If we can educate them on ways to streamline the complications, it’s just going to lead to a better healthcare system. It’s going to lead to one that embraces the Quadruple AIM in a much stronger way. 

Codoxo: What are some best practices in the provider education space? 

Dan Rosenthal: If a payer wants to offer provider education, they need to ask themselves, “Why do we want to do it? What are our goals? How do the actions support the goals?” 

Codoxo: When it comes to payment integrity, is there a level of readiness in which payers and providers can open up and collaborate? What are some of the barriers and where are we at right now? 

Dan Rosenthal: There’s certainly a lack of trust, which becomes a monumental problem because both “sides” have a lack of trust about the other side. If you could study a model about how to build trust and bake that into what we try to do, and if the environment that you are part of generates a higher level of trust than the rest of the market, that alone will give you a competitive advantage. The answer to your question is, no, we’re not ready…but everyone wants to be ready.  

So how do we get started? The currency is NPS [Net Promoter Score, a consumer experience measurement that shares how patients view your organization and its services] – how do you drive a stronger and more favorable NPS? It’s trust, transparency, honesty, integrity, standing behind commitments, not being overly complicated when you don’t need to be.  

Also, access to data in a digestible form is critical. Provide access to information that can be acted upon. Listening, leaning in, being a better partner — ask providers what they would find valuable so we can then build transparency and tools that support [providers and payers]. 

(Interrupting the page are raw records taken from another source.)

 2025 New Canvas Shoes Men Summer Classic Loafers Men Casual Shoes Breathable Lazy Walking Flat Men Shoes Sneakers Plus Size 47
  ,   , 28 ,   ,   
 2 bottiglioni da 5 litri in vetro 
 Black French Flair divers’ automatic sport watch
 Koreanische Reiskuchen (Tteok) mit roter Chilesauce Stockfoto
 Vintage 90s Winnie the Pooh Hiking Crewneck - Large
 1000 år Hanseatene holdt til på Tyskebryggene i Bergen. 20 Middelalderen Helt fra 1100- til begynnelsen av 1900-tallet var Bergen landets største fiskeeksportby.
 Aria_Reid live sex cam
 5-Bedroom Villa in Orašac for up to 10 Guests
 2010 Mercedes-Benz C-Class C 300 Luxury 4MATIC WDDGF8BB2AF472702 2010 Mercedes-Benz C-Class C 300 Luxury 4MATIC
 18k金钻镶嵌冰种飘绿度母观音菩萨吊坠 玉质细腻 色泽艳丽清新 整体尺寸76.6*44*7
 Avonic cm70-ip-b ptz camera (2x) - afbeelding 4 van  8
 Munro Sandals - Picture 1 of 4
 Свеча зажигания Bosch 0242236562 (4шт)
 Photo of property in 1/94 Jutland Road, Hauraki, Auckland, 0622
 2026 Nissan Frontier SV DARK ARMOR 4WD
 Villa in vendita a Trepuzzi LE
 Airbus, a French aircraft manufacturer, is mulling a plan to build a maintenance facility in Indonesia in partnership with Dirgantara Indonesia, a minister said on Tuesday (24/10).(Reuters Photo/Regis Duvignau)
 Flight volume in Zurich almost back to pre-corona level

Codoxo: How can provider education lead to more trust? 

Dan Rosenthal: As it relates to the administrative complexity, any time a payer can help a provider understand simple things, like which networks they participate in. Also, being responsive and proactive to questions of how to navigate the product maze that payers offer, proper ways to bill, the connection between billing and documentation, and completing the payment cycle in a more effective way – that’s all very helpful.  

On the experience side, the plan can offer provider information that will allow the provider to have a more distinguished experience with their patients. 

All of this is about listening first and efficiently delivering meaningful and timely information from the plan to the provider. Health plans that consistently treat providers with more trust will  stronger relationships that weathers the ups and the downs of the marketplace and create competitive advantage. This will result in better healthcare – better quality, lower costs and a stronger experience.